═══ DATA FOR THIS EXERCISE ═══
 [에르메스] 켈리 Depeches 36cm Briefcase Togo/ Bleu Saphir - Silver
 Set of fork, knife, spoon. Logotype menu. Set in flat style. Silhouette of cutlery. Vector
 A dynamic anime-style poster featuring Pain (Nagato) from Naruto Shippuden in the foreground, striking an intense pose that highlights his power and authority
═══
═══ DATA FOR THIS EXERCISE ═══
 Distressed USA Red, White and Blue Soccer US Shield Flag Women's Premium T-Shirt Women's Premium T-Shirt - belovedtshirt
═══
═══ DATA FOR THIS EXERCISE ═══
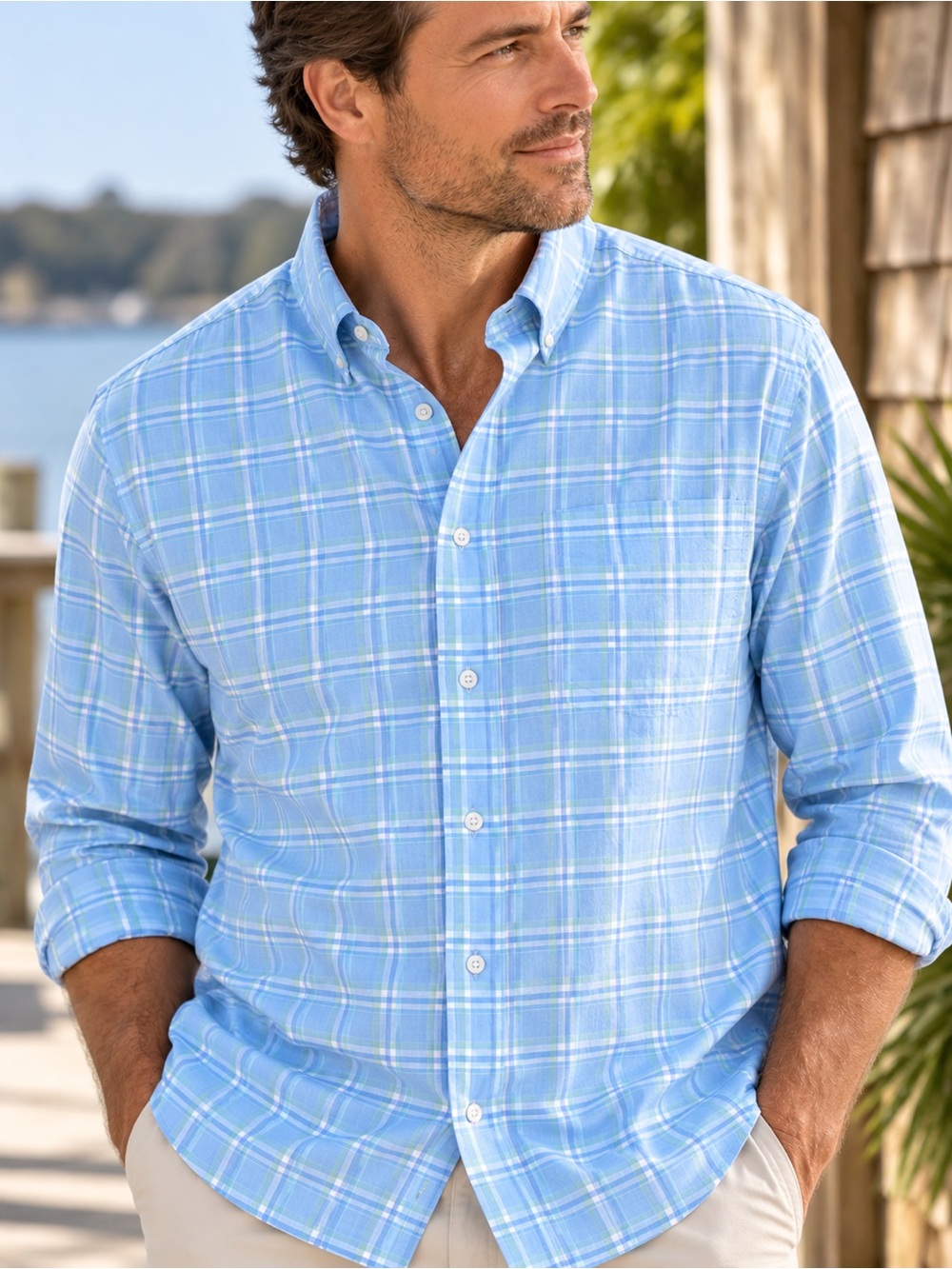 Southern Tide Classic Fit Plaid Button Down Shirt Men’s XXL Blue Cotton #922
═══
[EXERCISE BRIEF] Review the entries above and return every line where "style" appears.

[WRITTEN REPLY]
 Set of fork, knife, spoon. Logotype menu. Set in flat style. Silhouette of cutlery. Vector
 A dynamic anime-style poster featuring Pain (Nagato) from Naruto Shippuden in the foreground, striking an intense pose that highlights his power and authority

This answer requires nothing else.